The values so many ordinary good people demonstrate naturally, as if inherent in their nature, is pretty much indistinguishable from the values we learn from near-death experiencers. As emphasized in Chapter 1, the Teachings and Mandates delivered up to us in the reports of people describing what happened while they were having an NDE constitute the most pure, simple and elegant values I have encountered through a lifetime of interest in every possible well spring of human values; these constitute the utmost foundation of guidance for human conduct:
- Love others unconditionally, as God loves you. This is how you praise God, exuding God’s unconditional love through your own genuine feelings and actions. Love them all, even those who behave despicably. Don’t waste time telling God how great God is; make it real by genuinely loving others. When you can do this, you grow in spirit.
- Help others whom you can plainly see need to be helped. Some need help in the form of a kind word or a smile, some obviously need a five-dollar handout for their next meal. Others need a job that pays enough to live on without privation of food or a roof over their heads, not to mention electricity and plumbing that works. Still others need help in the form of incarceration to counteract their disordered inclination to exploit or harm others.
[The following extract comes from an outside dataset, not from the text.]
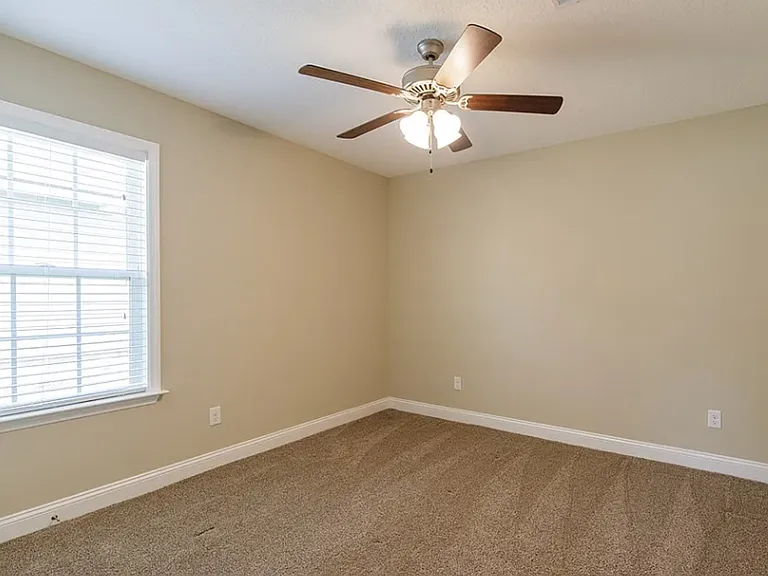 4316 Summer Hill Pl — Photo 15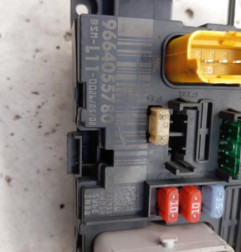 Boitier servitude moteur (BSM) PEUGEOT 207 Photo n°3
You need not abandon common sense and good judgment while loving others.
- Attain knowledge. Never stop trying to learn, your whole life through—because, as all that you know increases, so will your limited understanding increase, and as your understanding grows, so will your limited wisdom slowly grow. Thus acquiring increased understanding will enrich your life, and acquiring increased wisdom will help you do a better job of loving and helping others.
I long ago adopted these three simple mandates as my own life standard of values and behavior. Life offers many temptations to fail to live up to them—especially in the mind’s private judgments about self-serving politicians, investment bankers and congenital troublemakers who constantly make trouble where there was no trouble. But I keep the mandates before me, trying to live up to them, and I recommend them unreservedly for others’ adoption as their own life values. I didn’t learn them in any church or science class, and though they’re not far afield from values one hears in some churches, they are blessedly uncluttered from all that doctrinal folderol churches (and synagogues and mosques and temples and “holy men” of every stripe) invariably hand out when they want to tell you what they think your values should be.
Be reminded, these three simple mandates come directly from God (or sometimes elder spirits) via people who died or nearly died and somehow revived to tell about it. Thousands of NDE survivors all, in their own words, tell the same things. They come from every walk of life, every station high and low, including formerly convinced atheists who were changed—and became convinced of spiritual reality—by a personal experience they say is more real than real.